In [None]:
!pip3 install apache_beam



In [None]:
import apache_beam as beam

def SplitRow(element):
  return element.split(',')
 
  
def filter_on_count(element):
  name, count = element
  if count > 30:
    return element
  
def format_output(element):
  name, count = element
  return (name.encode('ascii'),str(count),'Experienced employee')

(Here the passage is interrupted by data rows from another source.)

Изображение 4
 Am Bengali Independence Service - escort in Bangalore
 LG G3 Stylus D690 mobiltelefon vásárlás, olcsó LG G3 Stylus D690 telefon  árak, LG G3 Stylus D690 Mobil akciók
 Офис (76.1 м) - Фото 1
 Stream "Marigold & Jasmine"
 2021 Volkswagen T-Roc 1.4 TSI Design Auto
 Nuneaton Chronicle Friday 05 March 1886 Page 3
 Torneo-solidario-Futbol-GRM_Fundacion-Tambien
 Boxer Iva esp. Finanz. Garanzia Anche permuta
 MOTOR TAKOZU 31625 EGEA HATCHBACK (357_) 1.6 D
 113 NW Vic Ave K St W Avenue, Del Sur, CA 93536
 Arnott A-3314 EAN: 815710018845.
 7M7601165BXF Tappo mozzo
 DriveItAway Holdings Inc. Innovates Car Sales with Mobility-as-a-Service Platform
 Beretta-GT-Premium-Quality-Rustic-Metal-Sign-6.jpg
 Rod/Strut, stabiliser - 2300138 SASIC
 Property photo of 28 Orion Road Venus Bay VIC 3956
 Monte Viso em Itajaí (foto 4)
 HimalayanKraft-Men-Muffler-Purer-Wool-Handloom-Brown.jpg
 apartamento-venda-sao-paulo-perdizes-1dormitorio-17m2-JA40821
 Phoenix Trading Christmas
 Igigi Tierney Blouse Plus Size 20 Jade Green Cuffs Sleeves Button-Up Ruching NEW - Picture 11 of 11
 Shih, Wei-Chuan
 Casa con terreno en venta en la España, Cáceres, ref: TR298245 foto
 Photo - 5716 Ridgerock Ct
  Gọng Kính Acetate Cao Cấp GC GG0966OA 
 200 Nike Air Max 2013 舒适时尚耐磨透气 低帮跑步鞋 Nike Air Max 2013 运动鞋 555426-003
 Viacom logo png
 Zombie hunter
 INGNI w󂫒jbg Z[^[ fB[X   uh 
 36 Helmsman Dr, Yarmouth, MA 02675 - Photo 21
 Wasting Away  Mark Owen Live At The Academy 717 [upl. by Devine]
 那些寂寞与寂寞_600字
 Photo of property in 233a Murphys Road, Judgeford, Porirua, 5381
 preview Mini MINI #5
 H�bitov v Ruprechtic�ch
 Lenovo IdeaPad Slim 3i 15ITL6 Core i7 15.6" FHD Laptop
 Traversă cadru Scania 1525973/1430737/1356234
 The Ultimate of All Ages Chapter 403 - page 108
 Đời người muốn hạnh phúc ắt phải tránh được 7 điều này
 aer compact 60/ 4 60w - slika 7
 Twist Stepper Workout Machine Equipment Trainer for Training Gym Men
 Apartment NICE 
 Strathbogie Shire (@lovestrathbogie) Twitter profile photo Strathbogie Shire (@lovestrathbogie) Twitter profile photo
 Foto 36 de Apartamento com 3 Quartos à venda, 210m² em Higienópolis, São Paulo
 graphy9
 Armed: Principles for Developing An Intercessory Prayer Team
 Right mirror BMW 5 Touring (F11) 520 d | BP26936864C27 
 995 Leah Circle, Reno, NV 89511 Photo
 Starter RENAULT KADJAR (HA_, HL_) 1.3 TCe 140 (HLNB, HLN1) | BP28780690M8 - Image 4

## Using normal transformation like 



1.   Map
2.   Filter
3.   CombinePerKey

For three different operations and it includes more code, memory space and time as well.


In [None]:
with beam.Pipeline() as p:
  input_data = (p 
                      | "Read from text file" >> beam.io.ReadFromText('dept_data.txt')
                      | "Split rows" >> beam.Map(SplitRow)
                   )
  
  accounts_count = (
                      input_data
                      | 'Get all Accounts dept persons' >> beam.Filter(lambda record: record[3] == 'Accounts')
                      | 'Pair each accounts employee with 1' >> beam.Map(lambda record: ("Accounts, " +record[1], 1))
                      | 'Group and sum1' >> beam.CombinePerKey(sum)
                      | 'count filter accounts' >> beam.Filter(filter_on_count)
                      | 'Regular accounts employee' >> beam.Map(format_output)
                      | 'Write results for account' >> beam.io.WriteToText('data/Account_quick')
                 )
  
  hr_count = (
                      input_data
                      | 'Get all HR  dept persons' >> beam.Filter(lambda record: record[3] == 'HR')
                      | 'Pair each HR employee with 1' >> beam.Map(lambda record: ("HR, " +record[1], 1))
                      | 'Group and sum1' >> beam.CombinePerKey(sum)
                      | 'count filter accounts' >> beam.Filter(filter_on_count)
                      | 'Regular accounts employee' >> beam.Map(format_output)
                      | 'Write results for HR' >> beam.io.WriteToText('data/HR_quick')
                 )

  finance_count = (
                  input_data
                  | 'Get all HR dept persons' >> beam.Filter(lambda record: record[3] == 'Finance')
                  | 'Pair each finance employee with 1' >> beam.Map(lambda record: ("Finance, " +record[1], 1))
                  | 'Group and sum11' >> beam.CombinePerKey(sum)
                  | 'count filter accounts1' >> beam.Filter(filter_on_count)
                  | 'Regular accounts employee1' >> beam.Map(format_output)
                  | 'Write results for finance' >> beam.io.WriteToText('data/Finance_quick')
                   )



In [None]:
!{('head -n 10 data/Account_quick-00000-of-00001')}

(b'Accounts, Marco', '31', 'Experienced employee')
(b'Accounts, Rebekah', '31', 'Experienced employee')
(b'Accounts, Itoe', '31', 'Experienced employee')
(b'Accounts, Edouard', '31', 'Experienced employee')
(b'Accounts, Kyle', '62', 'Experienced employee')
(b'Accounts, Kumiko', '31', 'Experienced employee')
(b'Accounts, Gaston', '31', 'Experienced employee')


In [None]:
!{('head -n 10 data/Finance_quick-00000-of-00001')}

(b'Finance, Kumiko', '31', 'Experienced employee')
(b'Finance, Wendy', '31', 'Experienced employee')
(b'Finance, Cristobal', '31', 'Experienced employee')
(b'Finance, Erika', '31', 'Experienced employee')
(b'Finance, Sebastien', '31', 'Experienced employee')
(b'Finance, Valerie', '31', 'Experienced employee')
(b'Finance, Dolly', '31', 'Experienced employee')
(b'Finance, Emily', '31', 'Experienced employee')
(b'Finance, Kaori', '31', 'Experienced employee')
(b'Finance, Hitomi', '31', 'Experienced employee')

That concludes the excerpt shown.